Tom Wolfe celebrated Spector’s emergence with a 1964 New York Herald Tribune feature, “The First Tycoon of Teen.” A few years later, Spector retired in a fit of pique—outraged by the failure of his massively overproduced Ike and Tina Turner single “River Deep, Mountain High.” (When the song went to #1 in England, he took out an ad in the trades: “Benedict Arnold Was Right!”) Thereafter, he made occasional comebacks—creating the Beatles’ last album, Let It Be, from hours of rehearsal tapes and producing several of John Lennon’s subsequent singles—while growing ever weirder. Jayanti uses Lennon’s “Crippled Inside” to meditate on the spectacle of Spector’s involuntary twitch.
By that point in the movie, Spector’s feelings of abandonment and isolation have been pretty well established—and also, thanks to annotations supplied by his biographer, Mick Brown, identified in his music. One is not exactly prepared for his intermittent charm. Round-faced and wide-eyed, snugly fitted with a bowl-cut blond wig and ever eager to vent, Spector has the look of the imp off a Rice Krispies box. “I was so brazen, I could strut sitting down,” he tells Jayanti by way of explaining how he came to name the 1963 hit “Da Doo Ron Ron.” “I’d like to have a nickel for every joint [Brian Wilson] smoked trying to figure out how I got the ‘Be My Baby’ sound.”Yet rage is constant and grudges boundless (Tony Bennett seems to be a particular bête noire). Spector’s paranoia (persecuted because he created the ’60s) is indistinguishable from his self-importance. He takes credit for the careers of both Martin Scorsese and Robert De Niro, having magnanimously decided not to enjoin Mean Streets for its unauthorized use of “Be My Baby.” (Jayanti misses a chance to cite the song’s more recent appearance in a Cialis ad.) Repeatedly, Spector compares himself to Leonardo da Vinci and, explaining how he came to invent his sound, allows that he “felt the same need Galileo did”—namely, to reorient the universe.

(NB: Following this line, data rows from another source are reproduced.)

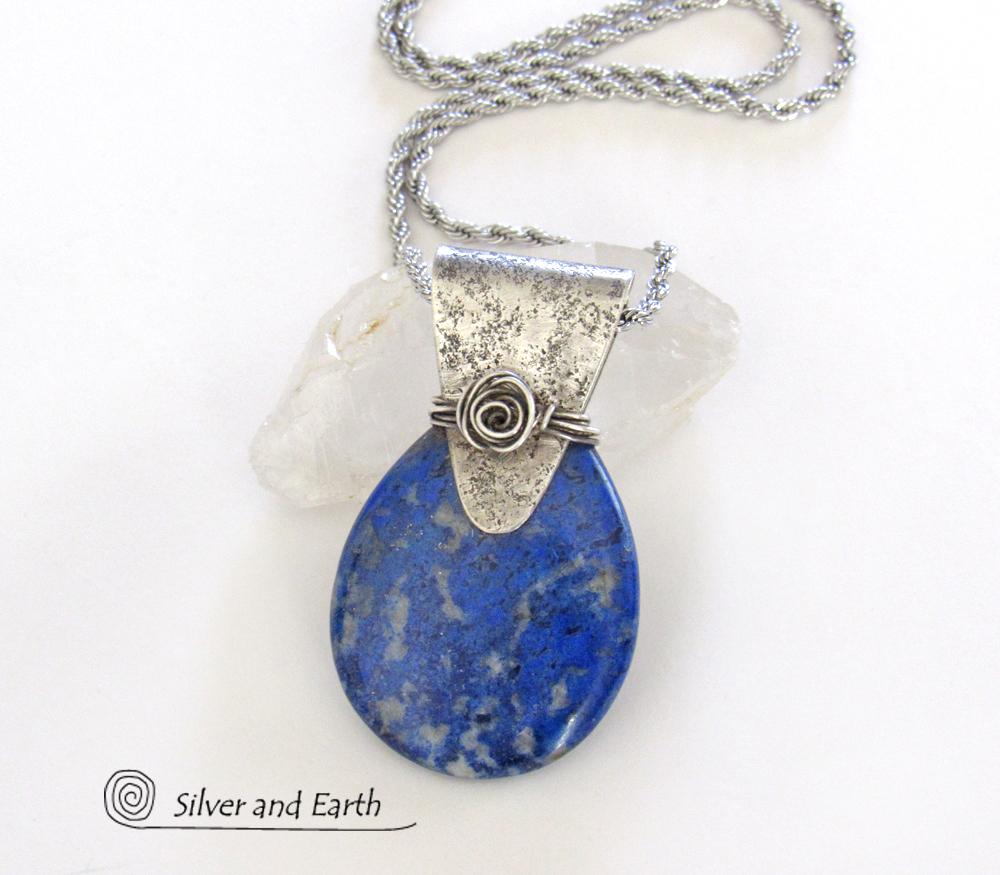 Lapis Lazuli Sterling Silver Pendant Necklace - Unique Handmade Silver Jewelry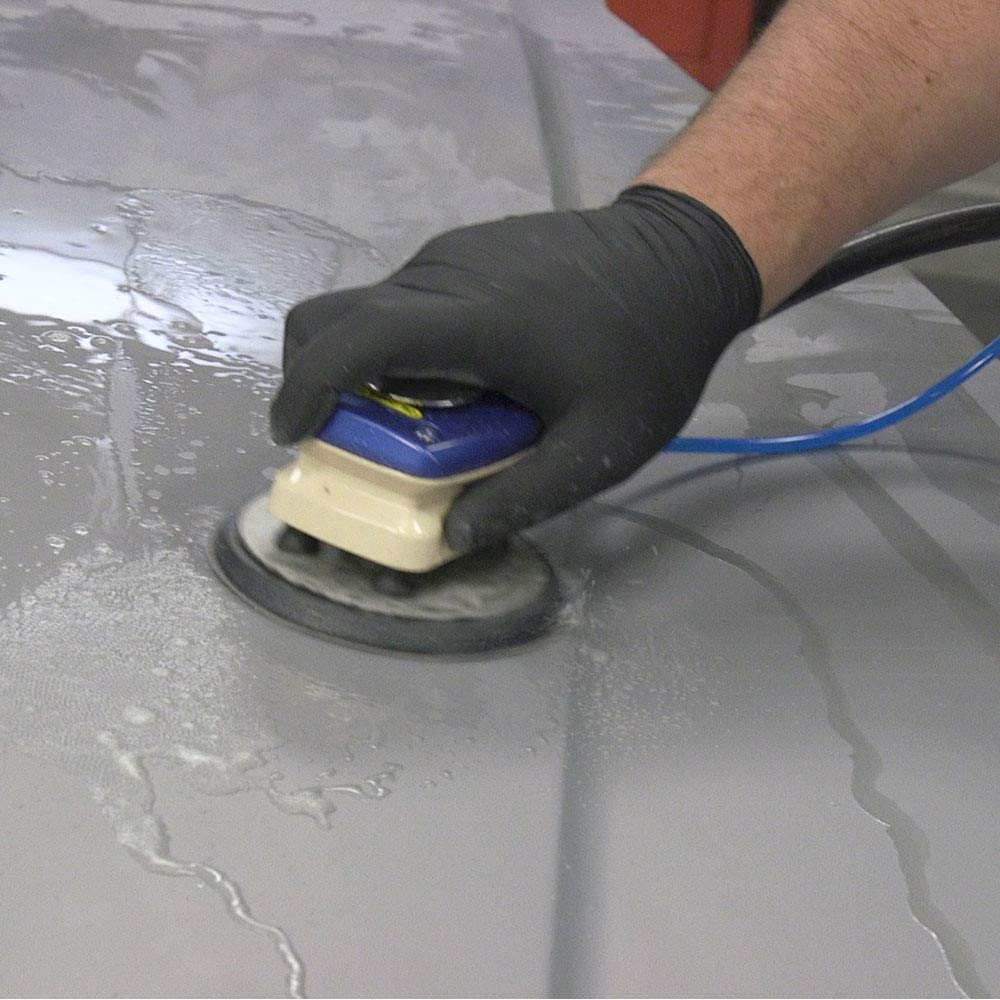 5 Inch Wet Jitterbug Block Sander - Air Pneumatic Orbital Sander with Water Hose Hook and Loop Pad - Perfect for Auto Body Sanding, Woodworking & Surface Preparation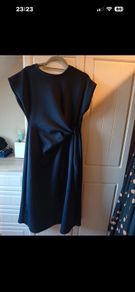 Virgos navy dress with side tie - suit 12-14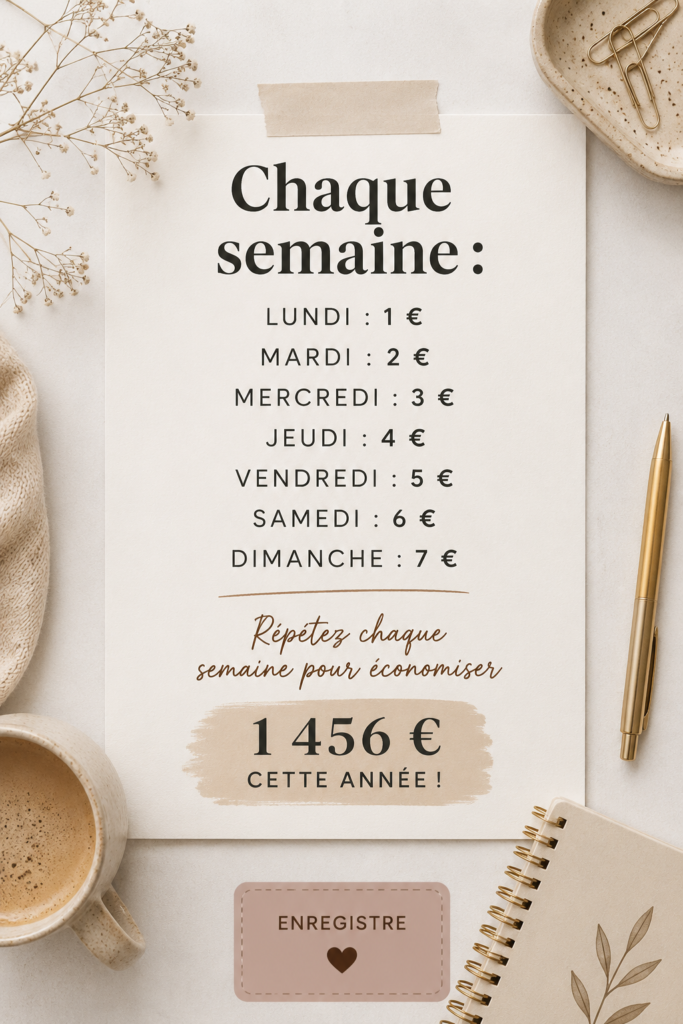 Femme souriante tenant un porte-monnaie remplie de billets, illustrant les économies hebdomadaires.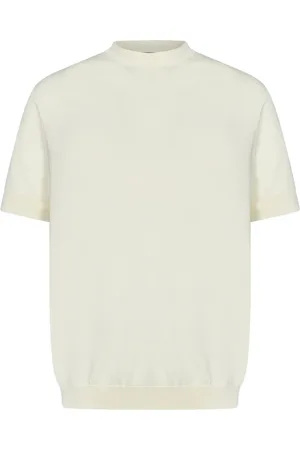 LOW BRAND Tops, Heren, , S, Nylon, Witte Intarsia Crewneck T-shirt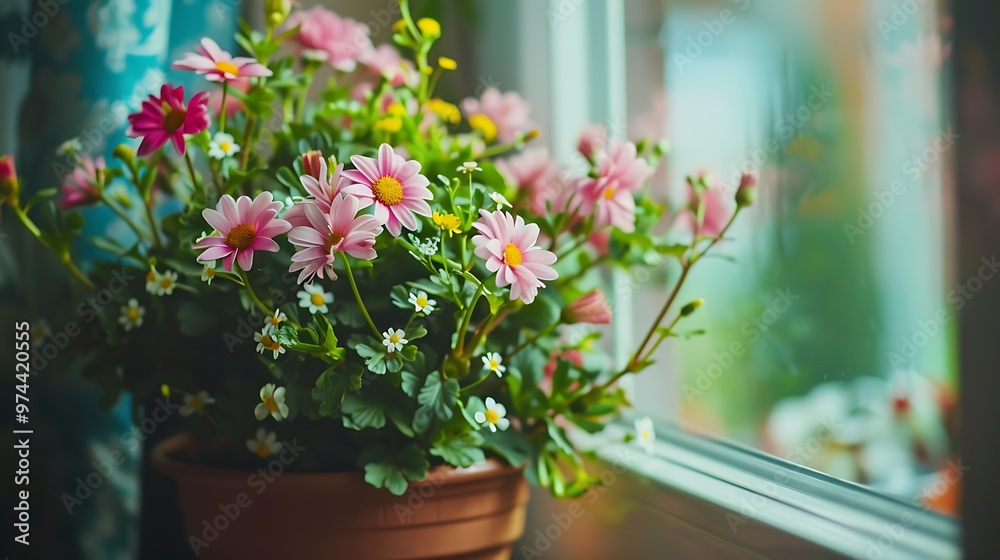 close up of flower in the pot near the window close up of flower in the pot near the window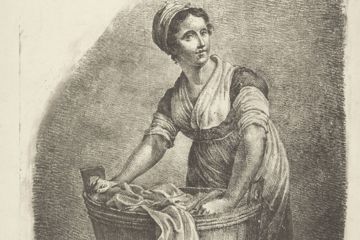 Eine Waschfrau aus dem 19. Jahrhundert am Wäschekübel.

Spector is a notorious credit hog—and Jayanti proves to be something of an enabler. There’s plenty that’s excluded. The songwriters Jeff Barry and Ellie Greenwich, who co-wrote many Spector hits, are never mentioned; nor is Spector’s second wife, Ronettes lead singer Ronnie Bennett. His children are barely alluded to, and Spector’s current (fourth) wife is invisible. Inevitably, however, the star is forced to share the stage with a 40-year-old unemployed actress, Lana Clarkson—not that he has anything to say about her. At first, the dead woman is made manifest in extensive forensic evidence; later, she’s characterized by the defense’s contention that she was so depressed she committed suicide with Spector’s gun. Finally she speaks for herself in a clip film, re-edited by Jayanti to focus on her grotesque impersonation of Little Richard. (In Spector’s mind, this is something that might, in itself, constitute a capital crime.)
Clarkson’s desire for stardom is again thwarted, but Spector’s solipsism is breached, not just by her inconvenient death in his living room but also by the continuing power of his music to stir the masses. The artist refers to his early-’60s hits as “little symphonies for the kids”—hardly an exaggeration. To have been in junior high school when rhapsodic fugues of yearning like “Spanish Harlem,” “Uptown,” or “Be My Baby” first poured from the radio is to have a sensibility, if not a fantasy life, in some way molded by this monster of self-absorption; to see The Agony and the Ecstasy is to be haunted by the specter of that long-ago innocence.